The natural end to the story would be, “And then I found the Woman of My Dreams and put a bunch of babies in her and we lived happily ever after, The End.”

Maybe that WILL be the end of the story, but if so, I’m still in the middle. I’ve dated many women since Dee. That last summer together with her — before I brought up kids and things went really bad — the one where she wrote me that wonderful love note and our sex life was better than it had ever been… at the time, it seemed like a golden age. If I had it back now, it would seem like the bare minimum I might be willing to accept.

My old ceiling has become my new floor.

I’ve been with a few different women who were very interested in doing the marriage-and-kids thing with me, and maybe I’ll tell those stories too. The truth is, in the years since Dee, finding the right mother for my children has become something of a secondary concern.

More urgent to me is finding the right father for my children. Finding him by creating him inside myself. When I’m inventing excuses to avoid doing something difficult or painful, my mentor says,

Ben, your unborn children need you to nut the fuck up and do the thing. You won’t be the father they need until you do.

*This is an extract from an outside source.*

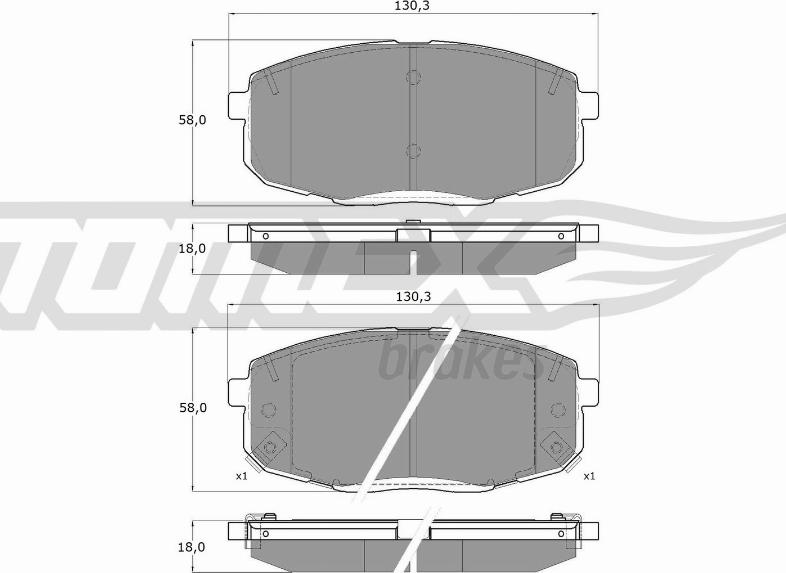 TOMEX brakes TX 14-991 - Bremžu uzliku kompl., Disku bremzes adetalas.lv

It’s a little manipulative, but it always works, because he’s always right.

I’m creating inside myself the kind of father that I wish I’d had. The kind that might have told me things like,

Son, if she’ll agree to three years without intercourse, she’s not going to suddenly turn out to be a sex maniac just because you change YOUR mind.

Well, it sounds like she’s saying all the right words. But what’s she DOING? That’s what you’ve got to pay attention to, son. Her words don’t matter. Her actions do.

Son, quit worrying about whether she likes you enough to fuck you, and start worrying about whether you like yourself. Once you get that figured out, either she’ll fuck you or someone else will.

You’ve let her be in charge of the relationship the whole time. Is that getting you what you want? How’s that working out for you? Sounds like time to try something else.

Son, it’s okay for you to want sex. It’s not okay for her to shame you for wanting sex. What she said to you was unacceptable, and if I were you I’d be seriously rethinking whether you want someone like that in your life.

That sounds like a good father to have. I didn’t have that father growing up. But if I work hard enough, my kids might.